Han pasado ya varias semanas desde que el Senado de la República oficializó la salida de Isabel Allende Bussi. Su escaño, que ocupó como representante de la Región de Valparaíso, ahora pertenece a Tomás de Rementería. Sin embargo, el eco de la decisión del Tribunal Constitucional (TC) que forzó su cese de funciones sigue resonando en los pasillos del Congreso y, con especial intensidad, en las filas del Partido Socialista (PS). Lo que comenzó como un intento de preservar un legado histórico —la venta de la casa de su padre, el expresidente Salvador Allende, al Estado— culminó en el abrupto final de una de las carreras políticas más emblemáticas de las últimas tres décadas, abriendo una caja de Pandora de consecuencias legales, políticas y personales.

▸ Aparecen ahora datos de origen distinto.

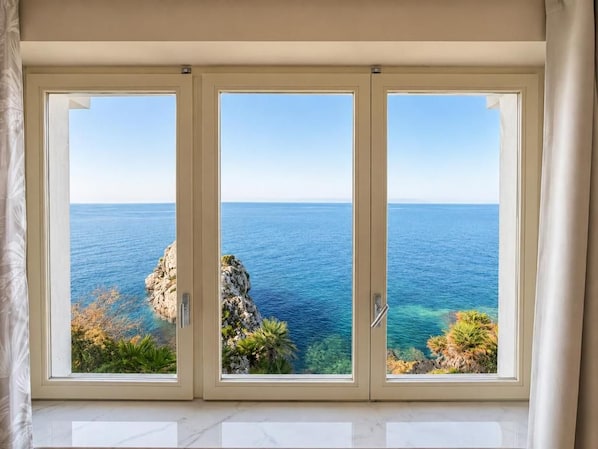 A room with a large window overlooking a coastal view. - Villa Crif (Bagheria)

El origen del sismo fue un requerimiento presentado por parlamentarios de Chile Vamos y el Partido Republicano. La acusación era precisa: la senadora Allende, al firmar un contrato de compraventa con el Fisco, había infringido el artículo 60 de la Constitución, que prohíbe a los parlamentarios en ejercicio celebrar contratos con el Estado. El 10 de abril, el TC publicó su fallo de 80 páginas, que con una contundente mayoría de ocho votos contra dos, acogió el requerimiento.
La argumentación del tribunal fue eminentemente técnica y despojada de juicios morales. Los magistrados sostuvieron que la prohibición es de derecho estricto y busca prevenir, de raíz, cualquier posible conflicto de interés, sin importar si hubo o no un perjuicio fiscal o un ánimo de lucro. La simple celebración del acto, la firma del contrato, bastaba para configurar la causal. En sus considerandos, el TC afirmó que esta decisión, lejos de vulnerar la voluntad popular, “resguarda la democracia” al reforzar un “alto estándar ético y jurídico” para los legisladores.
Si la batalla legal terminó con ese fallo, la batalla política apenas comenzaba. La destitución obligó al Partido Socialista a designar un reemplazo, un proceso que se transformó en un bochorno público. A Isabel Allende se le concedió la prerrogativa de proponer a su sucesor, eligiendo al entonces diputado Tomás de Rementería. No obstante, lo que debió ser un trámite expedito se convirtió en un laberinto de errores y disputas internas. La mesa directiva del PS, liderada por Paulina Vodanovic, ingresó el oficio al Senado para luego retirarlo, argumentando que la decisión debía ser ratificada por la comisión política del partido.
Este vaivén fue interpretado por Allende como un golpe bajo en el momento más vulnerable de su carrera. Públicamente y en privado, expresó su profundo malestar, sintiéndose “revictimizada” por su propia colectividad y llegando a poner en duda su permanencia en el partido que su padre ayudó a fundar. La crisis expuso las tensiones entre las distintas facciones o “lotes” del socialismo, particularmente dentro de la corriente “Grandes Alamedas”, a la que pertenecían tanto Allende como de Rementería.
La salida de Isabel Allende no es la de cualquier parlamentaria. Cierra, al menos por ahora, un ciclo de 31 años en el Congreso que la vio convertirse en la primera mujer en presidir el Senado. Su caída, provocada por un acto que buscaba proteger la memoria histórica, constituye una paradoja que invita a la reflexión sobre los límites entre el símbolo y la norma.
Actualmente, el tema está legalmente zanjado. Tomás de Rementería juró como senador el 23 de abril, reconociendo en su primer discurso la “situación muy injusta” vivida por su antecesora. Sin embargo, las heridas políticas siguen abiertas. La crisis tensionó al máximo al Partido Socialista, debilitando la autoridad de su directiva y dejando un rastro de desconfianza. El nuevo mapa de poder en la senatorial de Valparaíso anticipa una reñida competencia en las próximas elecciones, donde el nuevo senador podría incluso enfrentarse a su pareja, la diputada Karol Cariola (PC), quien también aspira al escaño. El ocaso político de un apellido histórico ha dado paso a una reconfiguración de poder cuyas consecuencias finales aún están por verse.